In other words, the universal invitation to believe the gospel is simultaneously an invitation to enter into the missional community and confession of the Trinity.
In this community, even what Christ calls us to claim about ourselves is far more than most feel comfort-able claiming as true or real—or even possible—about themselves:  You are the light of the world.  You are the salt of the earth.  I am the vine and you are the branches.  As the Father has sent me, I am sending you.  Yet it is specifically these claims that Christ makes on our very identities which compel us to become these people, to receive his words, and to make real the promises of the God we profess. 

Confessing Christ, we have entered a kingdom marked by nothing short of the reign of God among us.  Confessing Christ, we continue to be moved further into this good news even as we become represen-tations of the very kingdom we proclaim.  This identity, though it is Christ who clothes us, is not always an easy one to wear.  As light that shines and branches that extend from the vine of Christ, we are ourselves to be the signs of God's reign on earth, working for peace and justice here and now, showing the world that the God of peace and justice is near and also coming.  We are those who confess the reign of God is at hand and then work hands-on as a means of that confession.  As one author notes, "By its very existence, then, the church brings what is hid-den into view as a sign and into experience as a fortaste."(1).  

This is how we are able to be the light of the world; we are millions of mirrors reflecting the God of light.  Such reflection means there will be times when we ourselves are the light in the darkness, the hands that must deliver the cup of cold water or invite inside the one who has been deemed an outsider.  There will also be times when our reflection of God's reign calls for something more of us: light that refuses to be hidden though it would be easier, hands that work in opposition to injustice, confessions that fall in opposition to the world, lives that challenge the very systems that foster oppression and counter the hope of God.  The identity Christ has given us, like the identity of the kingdom he came to announce, precludes us from living as lone confessors, independent and unaffected by the cries of the world around us. 

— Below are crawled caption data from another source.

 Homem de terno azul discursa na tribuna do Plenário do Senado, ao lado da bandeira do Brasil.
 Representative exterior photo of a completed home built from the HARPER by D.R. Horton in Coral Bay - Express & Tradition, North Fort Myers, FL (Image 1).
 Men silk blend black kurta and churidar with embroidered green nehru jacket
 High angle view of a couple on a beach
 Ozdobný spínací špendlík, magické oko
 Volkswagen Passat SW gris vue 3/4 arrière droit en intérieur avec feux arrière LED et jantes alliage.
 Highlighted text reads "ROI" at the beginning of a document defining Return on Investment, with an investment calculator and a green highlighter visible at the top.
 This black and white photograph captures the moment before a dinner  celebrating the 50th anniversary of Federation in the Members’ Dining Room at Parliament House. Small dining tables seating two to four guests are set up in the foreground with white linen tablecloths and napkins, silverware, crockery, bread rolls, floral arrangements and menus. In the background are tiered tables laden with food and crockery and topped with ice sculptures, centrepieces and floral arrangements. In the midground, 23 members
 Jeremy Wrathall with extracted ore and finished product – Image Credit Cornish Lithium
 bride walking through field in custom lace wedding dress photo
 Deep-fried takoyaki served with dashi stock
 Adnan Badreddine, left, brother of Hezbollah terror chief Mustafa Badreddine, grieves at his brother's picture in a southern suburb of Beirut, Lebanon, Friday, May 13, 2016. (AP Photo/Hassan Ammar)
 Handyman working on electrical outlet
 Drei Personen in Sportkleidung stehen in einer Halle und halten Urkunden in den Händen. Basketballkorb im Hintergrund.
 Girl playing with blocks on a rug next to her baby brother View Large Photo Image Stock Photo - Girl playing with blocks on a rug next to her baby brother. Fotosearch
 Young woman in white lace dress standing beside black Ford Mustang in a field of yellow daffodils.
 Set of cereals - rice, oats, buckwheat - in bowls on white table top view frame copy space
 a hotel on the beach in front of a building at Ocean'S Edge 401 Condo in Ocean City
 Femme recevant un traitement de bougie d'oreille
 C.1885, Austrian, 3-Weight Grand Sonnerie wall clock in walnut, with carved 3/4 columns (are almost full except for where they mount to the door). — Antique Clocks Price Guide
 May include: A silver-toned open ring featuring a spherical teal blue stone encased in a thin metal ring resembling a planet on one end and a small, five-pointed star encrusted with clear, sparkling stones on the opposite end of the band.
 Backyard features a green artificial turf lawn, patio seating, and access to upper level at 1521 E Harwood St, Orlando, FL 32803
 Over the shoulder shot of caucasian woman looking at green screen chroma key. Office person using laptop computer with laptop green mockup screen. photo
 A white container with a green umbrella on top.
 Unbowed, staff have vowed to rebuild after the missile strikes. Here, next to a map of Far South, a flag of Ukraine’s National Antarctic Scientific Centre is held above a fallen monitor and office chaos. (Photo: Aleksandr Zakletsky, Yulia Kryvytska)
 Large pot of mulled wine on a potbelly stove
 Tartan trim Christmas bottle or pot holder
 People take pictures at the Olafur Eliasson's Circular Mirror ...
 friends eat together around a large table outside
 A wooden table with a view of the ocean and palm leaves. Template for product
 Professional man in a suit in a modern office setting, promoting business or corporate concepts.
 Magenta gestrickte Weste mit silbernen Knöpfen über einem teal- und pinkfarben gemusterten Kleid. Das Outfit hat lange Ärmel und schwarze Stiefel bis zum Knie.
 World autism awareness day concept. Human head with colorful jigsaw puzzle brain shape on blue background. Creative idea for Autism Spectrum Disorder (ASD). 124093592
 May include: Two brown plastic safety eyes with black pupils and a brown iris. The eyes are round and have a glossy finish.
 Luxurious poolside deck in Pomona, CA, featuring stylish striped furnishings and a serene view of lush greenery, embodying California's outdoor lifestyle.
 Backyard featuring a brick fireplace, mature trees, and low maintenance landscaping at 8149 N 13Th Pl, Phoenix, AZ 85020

Our mission to the world is our hope in action. In a lecture on the nature of the church, given just a few years before he would stand in formal opposition to the Nazi influence on the church, Dietrich Bonhoeffer proclaimed: "No one can pray for the kingdom...who thinks up a kingdom for himself...who lives for his own worldview and knows a thousand programs and prescriptions by which he would like to cure the world..."(2) On the contrary, the kingdom we foster and for which we pray is one we profess with the whole of our lives because it is God who reigns within it.  We are able to reflect the God of light amidst the troubling darkness of the world because the reign of God is real, because we could no sooner have invented this kingdom then we could have invented this God, and because we know of no other kingdom that is worth confessing.  We are the light of the world because of this hope we are sure: The kingdom of God is near!



Jill Carattini is managing editor of A Slice of Infinity at Ravi Zacharias International Ministries in Atlanta, Georgia.
(1) George Hunsberger, "Called and Sent to represent the Reign of God," in Darrell Guder,

ed., Missional Church: A Vision for the Sending of the Church in North America

(Grand Rapids: Eerdmans, 1998), 102.



(2) Dietrich Bonhoeffer, "Thy Kingdom Come: The Prayer of the Church for the Kingdom of God on Earth," in A Testament to

Freedom: The Essential Writings of Dietrich Bonhoeffer (New York: Harper Collins, 1995), 34.